Children indicated the identity of the relevant stimulus level by pressing the outer key on one of two mouse pads placed one on each side of the computer monitor. Each response key was assigned to one of the two stimuli (e.g., press left for H and right for S, or left for circle and right for square), with key assignments counterbalanced. Instructions preceding each block explained whether the global or local features were targeted. The neutral stimuli were never a response option; for example, a global H composed of small Xs presented only one stimulus for which there was an assigned response, namely H. Similarly, a global X comprised of local Hs only had a response key associated with the H. In the study by Dukette and Stiles (1996) using a forced-choice similarity task, the neutral cues reduced the conflict.

There were 4 types of experimental blocks: global letters, local letters, global shapes, and local shapes.

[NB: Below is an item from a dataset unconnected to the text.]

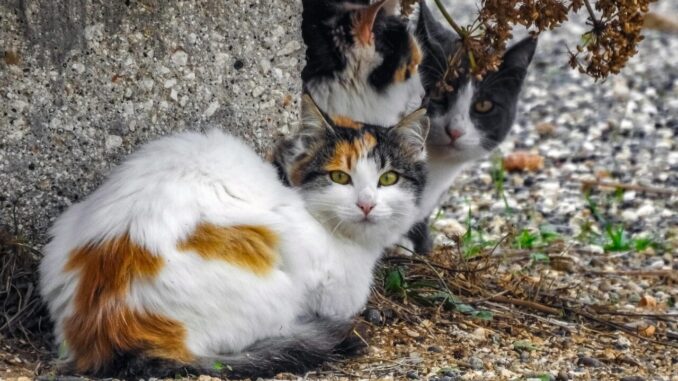 Ferentillo, sette gatti della colonia scompaiono: ipotesi avvelenamento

Each of these blocks was presented 4 times, for a total of 16 experimental blocks. There were breaks between the presentation of each block and the instructions preceding the start of the next block. Testing continued when children said they were ready to go on.

Each block contained 12 trials consisting of congruent, incongruent, and neutral trials yielding 192 experimental trials across 16 blocks. In congruent trials, the global and local level matched, for example, both were Hs or squares. In incongruent trials, the two levels conflicted, for example, a global H comprised of local Ss or a global circle comprised of local squares. In neutral trials, the unattended dimension (local stimuli in the case of global trials and global shape in the case of local trials) were Xs rather than the opposite response choice, so attending to the wrong dimension did not provide a possible response. The instructions for the global or local conditions were given by an animated character called Floppy the Rabbit who appeared on the screen before each block. The child was told that when Floppy was big (6 cm high) then press the key to indicate the big letter (or shape); when Floppy was little (2 cm high), then press the key to indicate the little letters (or shapes) that were inside the bigger picture. There were 12 practice trials for each of the four types of blocks. The task took about 20 minutes.

Design and Procedure

Children were tested individually in a quiet room in their school. The tasks were presented in a fixed order in a single session that lasted between 45 minutes and one hour including as many breaks between tasks as children wished to take. The order of tests was: PPVT, category fluency, global-local, digit span, Trails A, and Trails B.

Results

Each of the statements in the Language Background Questionnaire was assigned a value between 1 and 5, with completely balanced use of both languages represented by 3. The mean values obtained for each of these questions is reported in Table 1. Combining these scores, the use of spoken language in the home was biased to the non-English language (M = 15.20, cf., 18 for balanced use), t (25) = −3.11, p < .0005 and the use of media was biased to English (M = 16.69, cf., 15 for balanced use), t (25) = 2.67, p < .01. This profile indicates an environment in which children are proficient in both languages and use both languages every day.

Table 1.

Mean score (and standard deviation) for questions about home language use from the Language Background Questionnaire. The 5-point scale indicates the dominant language used for hat activity in the home, with 1 being use of the non-English language and 5 the use of English, and 3 representing balanced use of both languages. T-tests compared each score to the balanced mean of 3.0.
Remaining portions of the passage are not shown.